В конце 1854 года Линкольн разослал много писем примерно одного содержания: «Я вбил себе в голову, что нужно мне попробовать стать сенатором Соединенных Штатов; если бы вы меня поддержали, мои шансы стали бы лучше». В феврале 1855 года Линкольн получил 45 голосов. Набери он еще шесть голосов, он стал бы сенатором. При перебаллотировке он получил уже только 15. Наступила минута, когда Линкольн увидел, что если он будет держаться за свои 15 голосов, пройдет сторонник Дугласа, демократ-небраскинец. Линкольн попросил своих стойких приверженцев отдать голоса Лайману Трамбулу, антинебраскинцу, сбежавшему из демократической партии. Десятая перебаллотировка принесла победу Трамбулу. Этот тактический шаг сделал многих друзьями Линкольна.
Миссис Линкольн наблюдала за ходом выборов с галереи и была рассержена тем, что ее муж потерпел поражение. Джулиа, жена Трамбула, была подружкой на ее свадьбе; они совместно писали стихи и письма в «Сэнгамо джорнэл», но после той ночи, когда Трамбул был избран сенатором, миссис Линкольн никогда больше не разговаривала с Джулией и отказалась принимать ее у себя.

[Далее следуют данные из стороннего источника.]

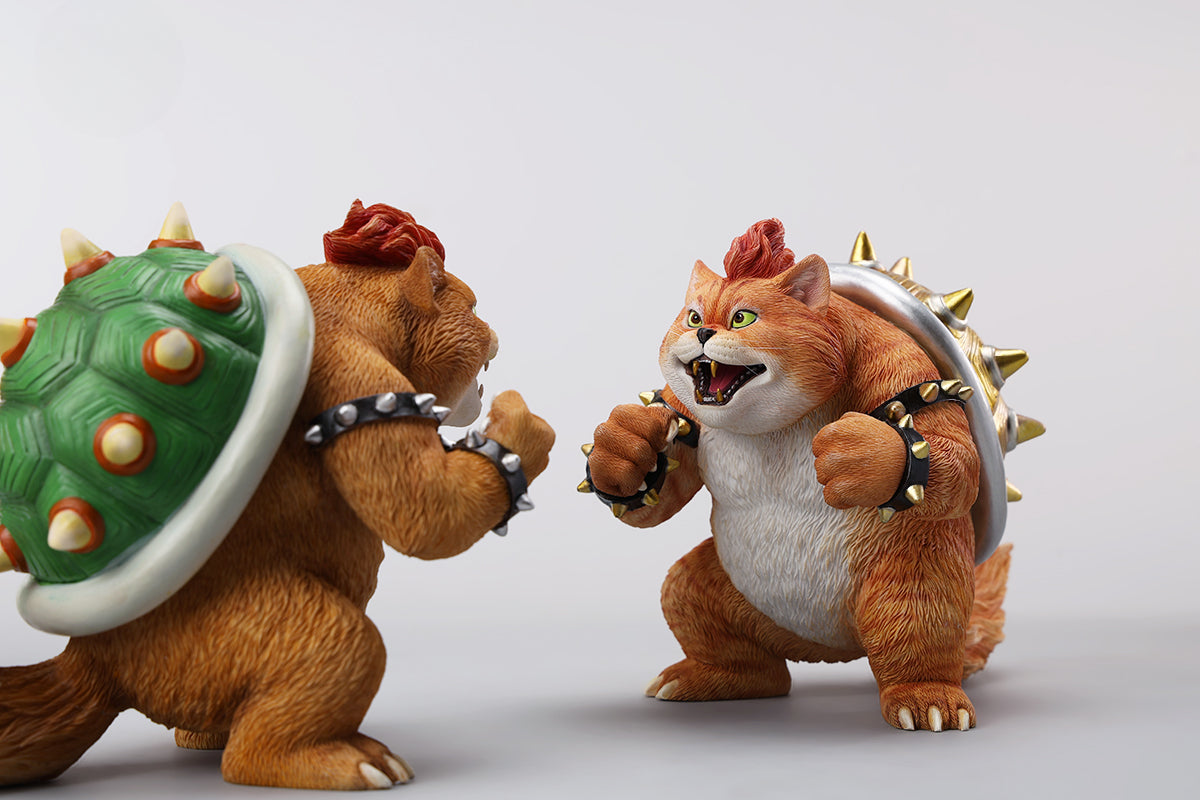 A Bowser Cat figurine with a removable magnetic head and a pipe accessory. The cat has a spiked shell on its back, designed for collectors and fans of unique action figures. The figurine combines feline charm with Bowser's iconic style, making it an ideal collectible piece.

Линкольн писал Спиду: «Я теперь занимаюсь только одним — работаю против распространения рабства. Я не считаю себя «ничего-не-знающим». Это определенно. Как я могу им быть? Как может кто бы то ни было, ненавидящий угнетение негров, одобрять унижение целых прослоек белых? Мы стремительно вырождаемся. Как нация, мы начали с декларации, что «все люди рождены равными». На практике теперь мы произносим ее так: «Все люди рождены равными, кроме негров». Если «ничего-не-знающие» добьются власти, то декларация будет читаться так: «Все люди рождены равными, кроме негров, иммигрантов и католиков». Если это случится, я предпочту уехать в какую-нибудь страну, где не притворяются свободолюбивыми, — в Россию, например, где деспотизм можно принять в чистом виде без низкопробной примеси лицемерия».

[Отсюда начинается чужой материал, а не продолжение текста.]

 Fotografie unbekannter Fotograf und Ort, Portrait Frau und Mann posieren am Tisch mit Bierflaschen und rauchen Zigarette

Полли, свободная негритянка в Спрингфилде, пришла со своим горем к Линкольну и Герндону. Ее сын работал на пароходе. У него не оказалось документов, подтверждавших, что он свободен. Сына арестовали. Адвокаты обратились к губернатору Матесону, но тот сказал, что бессилен что-либо сделать. Линкольн, Герндон и другие пустили подписной лист, собрали деньги на уплату за содержание негра в тюрьме, и сын Полли вернулся к ней.

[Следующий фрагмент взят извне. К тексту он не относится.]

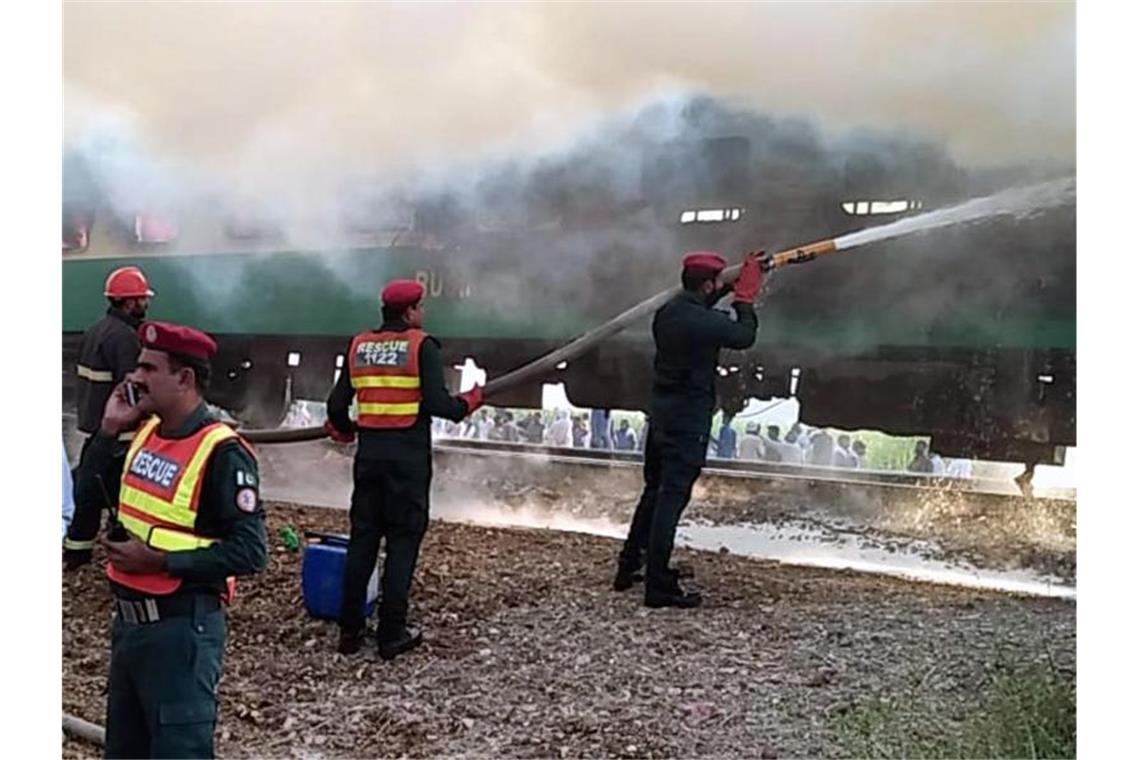Mehr als 70 Tote bei Feuer-Inferno in pakistanischem Zug Rettungskräfte der Feuerwehr versuchen, das Feuer des Personenzuges zu löschen. Foto: Str/XinHua/dpa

В августе 1855 года Линкольн писал Оуэну Ловджою: «Даже вы не так страстно, как я, стремитесь предотвратить распространение рабства. И все же политическая атмосфера сейчас такова, что я боюсь сделать хоть шаг из боязни ошибиться». «Ничего-не-знающие» могли пригодиться для борьбы с демократами — сторонниками «билля Канзас — Небраска». «Что касается наших дел, то «ничего-не-знающие» в большинстве своем мои старые политические и личные друзья; я надеялся, что их организация распадется без мучительной для меня необходимости открыто выступить против них».
Сенатор Чарльз Самнэр от Массачусетса бичевал сенатора от Южной Каролины Эндрю П. Батлера: «Он избрал себе в любовницы… особу, противную для других, но всегда любезную его сердцу: я имею в виду проститутку — Рабство». Сенатор Престон Брукс, племянник Батлера, вошел в зал заседаний сената, подкрался сзади к сидящему, ничего не подозревавшему Самнэру и обрушил град ударов на его голову и спину. Брукс избил свою жертву почти до смерти и отошел лишь после того, как гуттаперчевая трость рассыпалась. Север неистовствовал, Юг открыто ликовал.